Here’s a list of some of the places (other than ours, of course) that we’ve found that are working towards breaking down some of the barriers towards entering the art market. Some of these have been mentioned on this blog previously. here and here. Most of them were mentioned in our talk, “Uncharted Waters: Understanding the Emerging Art Market.”

Working towards a more affordable entry to Collecting Art:

: A Jen Bekman project out of New York. She’s trying to “create a place for collectors and artists to meet”. Once a week they publish two archival editions, one photograph and one print reproduction of a work on paper.

Tiny Showcase: Each week they pick a new piece of tiny artwork and turn the works on paper into a limited-run archival print production. It has quickly become really popular and they often sell out within hours of posting the new works.

Artocracy: Artocracy is a digital marketplace for original art. They have an interesting model, in that you can order framed artwork or a print directly from them OR you can purchase a digital print (as a PDF!) to print out yourself.

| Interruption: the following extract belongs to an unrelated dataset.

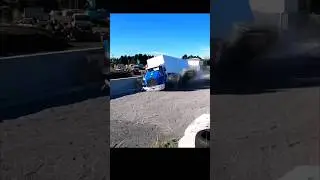 #Crash test truck vs road barrier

Utilizing the Subscription-based model of distributing work:

Wholpin: A DVD magazine of rare and unseen short films, docs, instructional videos, foreign sitcoms, and other cinema hybrids 4 issues for $50

Fine Art Magazines are opening up project spaces for artists within their periodicals. They allow artists the opportunity to create “site specific” art using the medium of the magazine for the artwork. Arkitip and Esopus are two examples of this.

THE THING is a quarterly periodical in the form of an object. Each year, four artists, writers, musicians or filmmakers are invited to create an everyday object that somehow incorporates text. For $160 you receive four objects within the year.

Putting the surplus in the market to good use:

Fine art adoption network‘s goal is to engage art enthusiasts who never thought of themselves as art collectors, and to introduce them to the experience and pleasures of owning and caring for contemporary art. Adam Simon (founder FAAN) said “The system that we have for disseminating contemporary art, known as the art market, doesn’t manage to get a lot of art into a lot of homes.”